What to work on »
Once the line with "Anthropologie Cream Chevron" is found, repeat it and all later lines exactly through the end of the listing below, with the pictures left out.
BEGIN Data under study
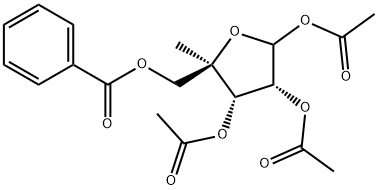 5-O-Benzoyl-1,2,3-tri-O-acetyl-4-C-methyl-D-ribofuranose Structure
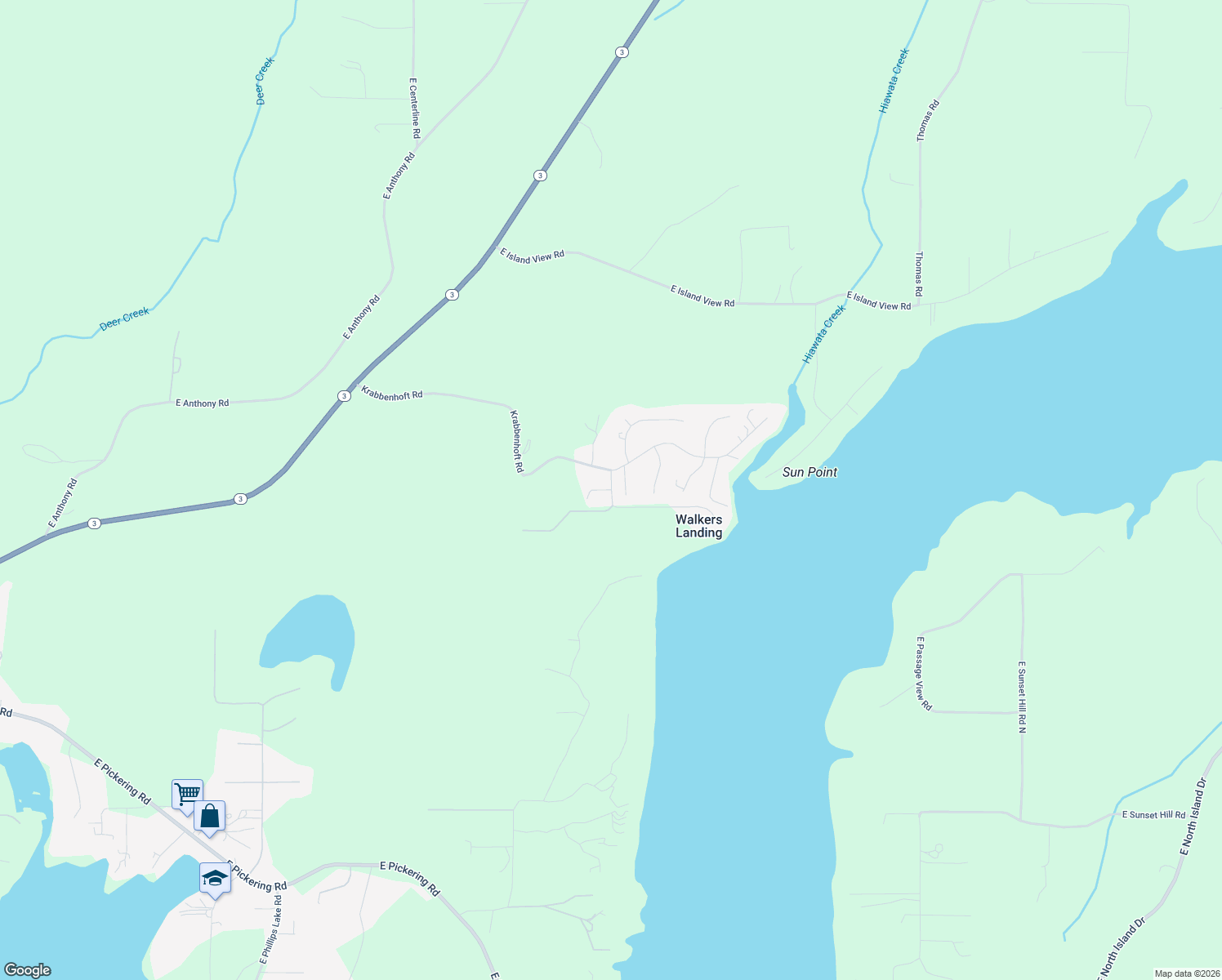 map of restaurants, bars, coffee shops, grocery stores, and more near 561 East Krabbenhoft Road in Grapeview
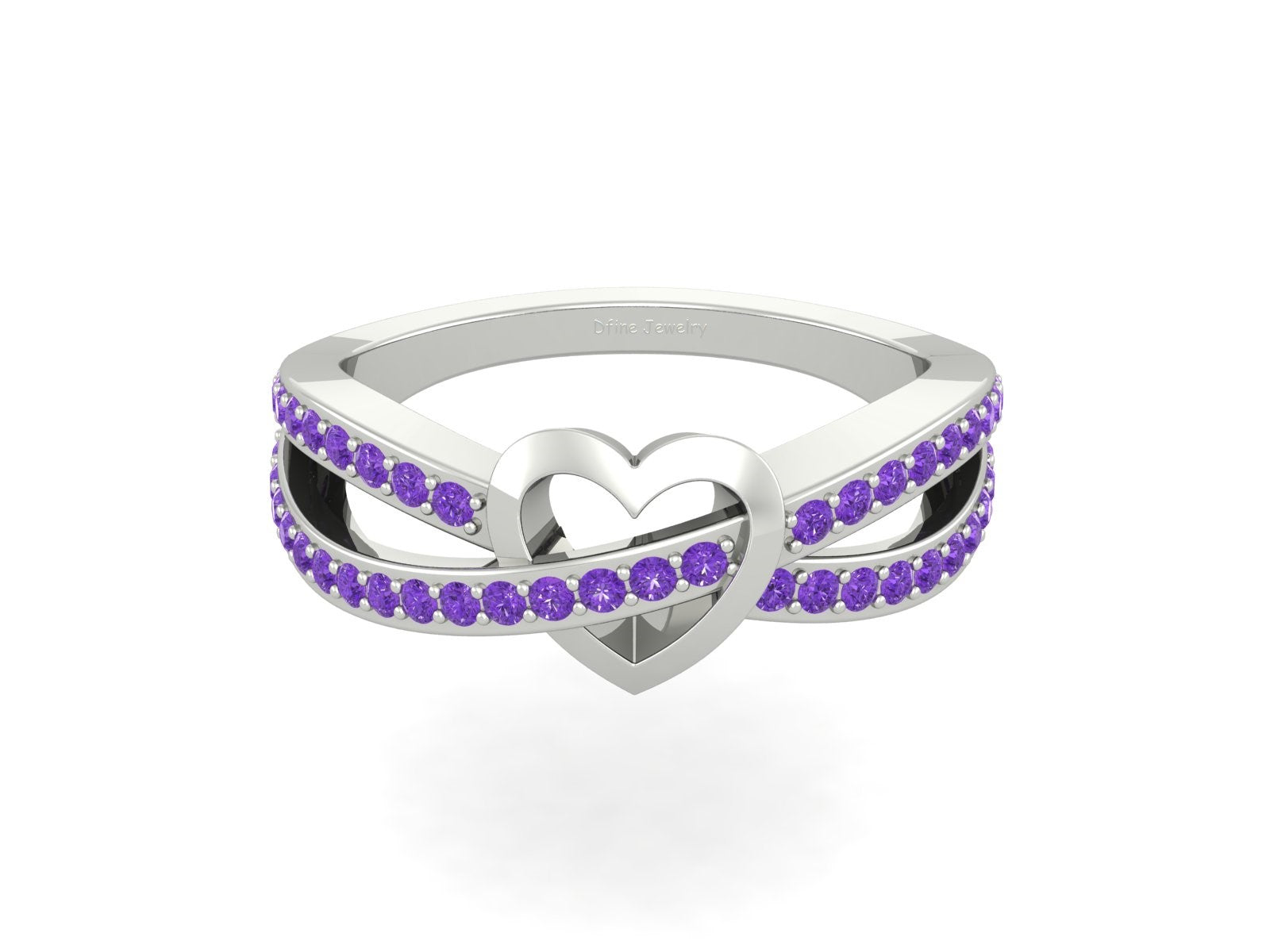 0.45CTTW PURPLE CZ HEART RING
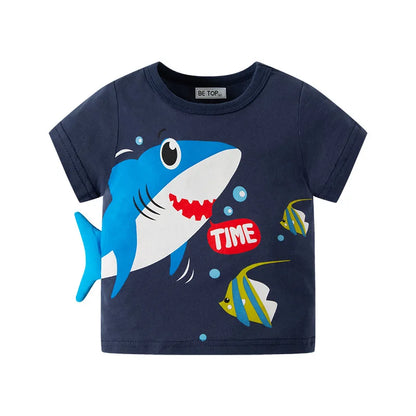 Green Cartoon Frog Print Summer T-Shirts for Kids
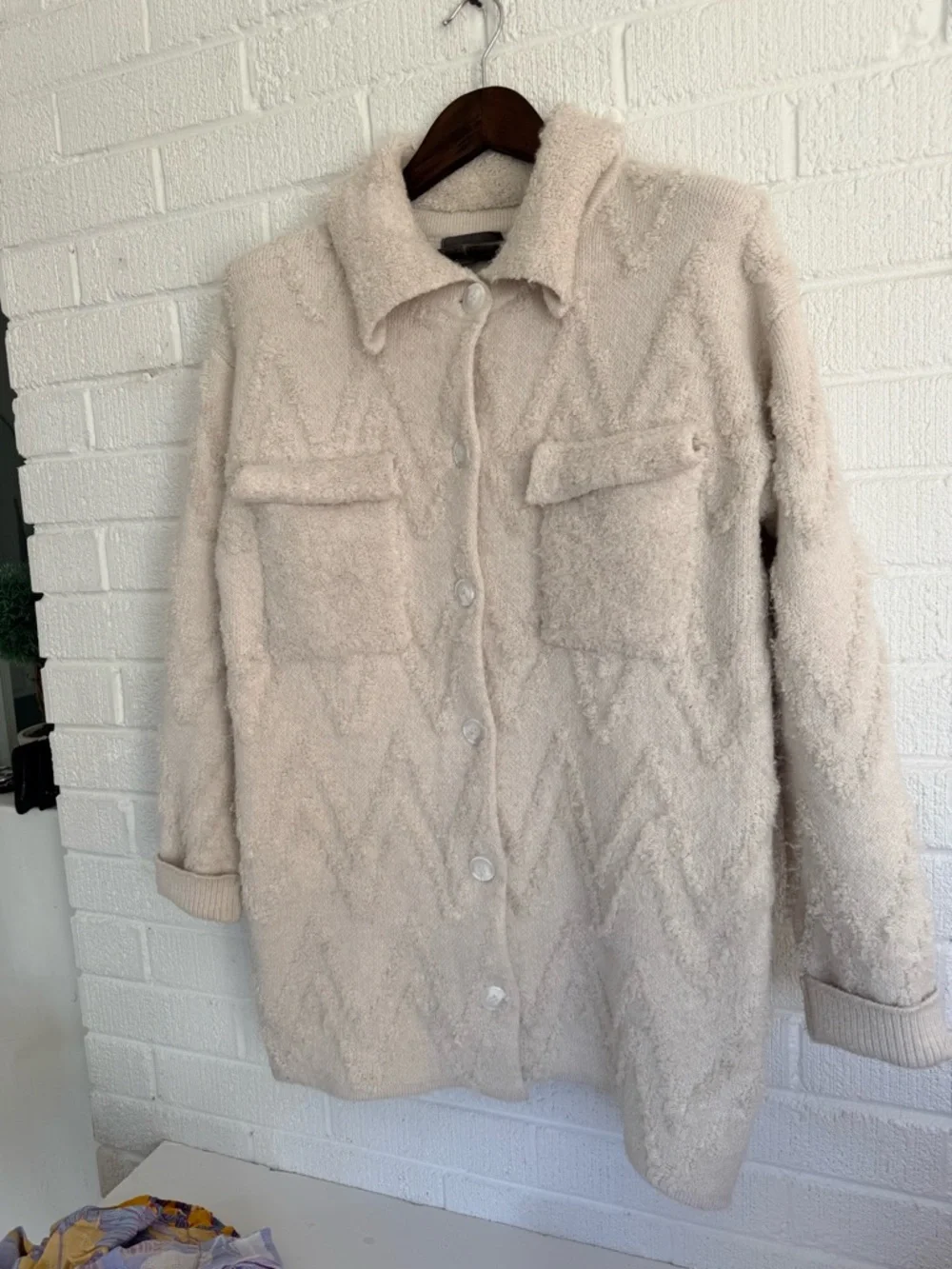 Anthropologie Cream Chevron Teddy Jacket - Picture 3 of 9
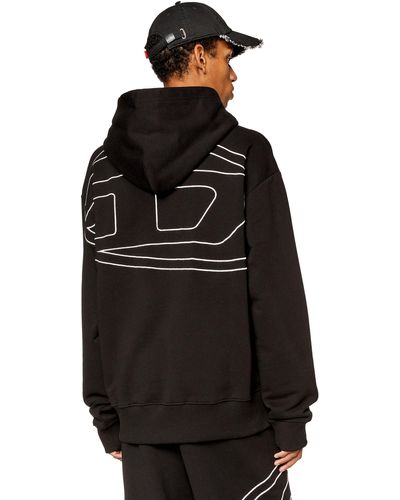 DIESEL Sweat-shirt à capuche avec logo brodé - Noir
END Data under study
Worked solution »
 Anthropologie Cream Chevron Teddy Jacket - Picture 3 of 9
 DIESEL Sweat-shirt à capuche avec logo brodé - Noir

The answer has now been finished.